The New Breed Is The Old Breed



Listening to the radio as I was driving to the gym I heard the DJ comment that the next song he was going to play was over ten years old, and it stunned him to make that realization. 

However, he wasn't stunned because he hadn't realized ten years had passed since the release of the tune, but rather because, as he put it, "It sounds contemporary, as if it was a new song."

It hit me then that the DJ had it backwards - it wasn't that song that was sounding contemporary, it's the new releases sounding stale, dated.

Popular music is in a rut.

If you were listening to the radio in 1970 what you would be hearing would be dramatically different than what had been playing on the radio in 1960. Anything on the radio in 1980 was a far cry from what had been popular in 1970...and again, in 1990, the music on the radio had a decidedly different sound than what you heard in 1980.

However, about that time (1990)it was becoming evident that popular music was beginning to become overtly imitative of itself. The phenomenon started sometime in the mid '80's, as rap acts started lifting rhythm tracks and riffs from older songs, everything from old Motown R&B baselines to samples of Heavy Metal guitar solos.

Sampling became the primary means of composing songs for a number of Rap acts, from the Beastie Boys to Tone Loc to NWA. 

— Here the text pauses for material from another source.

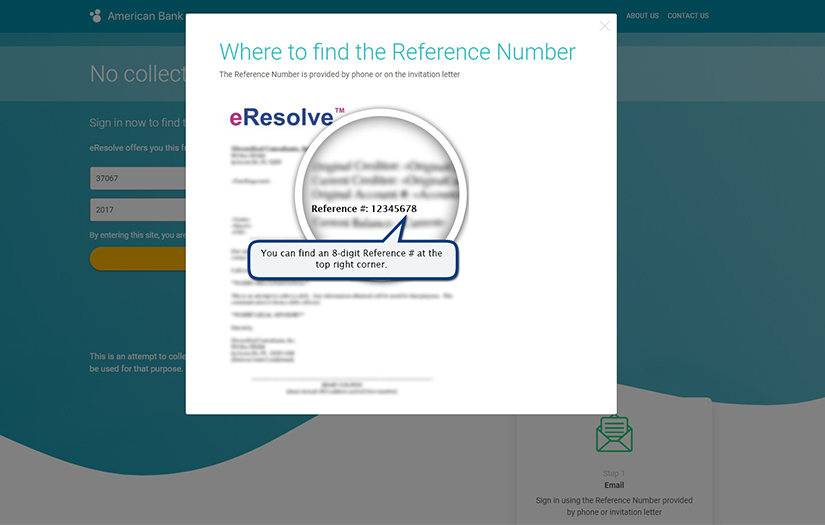 Virtual Debt Collection Platform screenshot 2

Musicians have "borrowed" from other musicians since the dawn of recorded music - hell, one of the songs deemed crucial to the formation of Rock & Roll, Johnny B. Goode, recorded by Chuck Berry in 1958, features an opening guitar riff that is lifted note-for-note from the song Ain't That Just Like A Woman recorded by Louis Jordan in 1946.  

These days, the more I listen to new music on the radio the more I find myself saying, "Man, this group sounds just like _____ from 1983" Or some such variation of that observation.

Music needs another shake up, needs another Chuck & Elvis, another Lennon & McCartney, another Motown & Stax, another Strummer/Jones.

Music, to swipe a line from the Nicholson Joker, needs an enema.

Popular music has always had people, usually agents or producers, who would immediately hop on a bandwagon once it was rollin' and put out something similar. Music is a business, and there is nothing more common in business than imitation of success. Whenever any style of music becomes profitable, er, popular, then someone is going to find a singer or a band that can sound enough like it to cash in.

And cash is king. It has got to be tough for a band with a new sound to get a break these days. 

Nowadays it seems that, instead of just a song style or a band/performer that is being mimicked, it's an entire genre. I have heard recent music that has reminded me of specific quantified sounds. For example, Bruno Mars, who I like a lot, is basically a hybrid of Motown and early '80's New Wave. 

Listening to the radio has gotten a lot like going to the movies. The influences are so prevalent, it's hard to find anything original.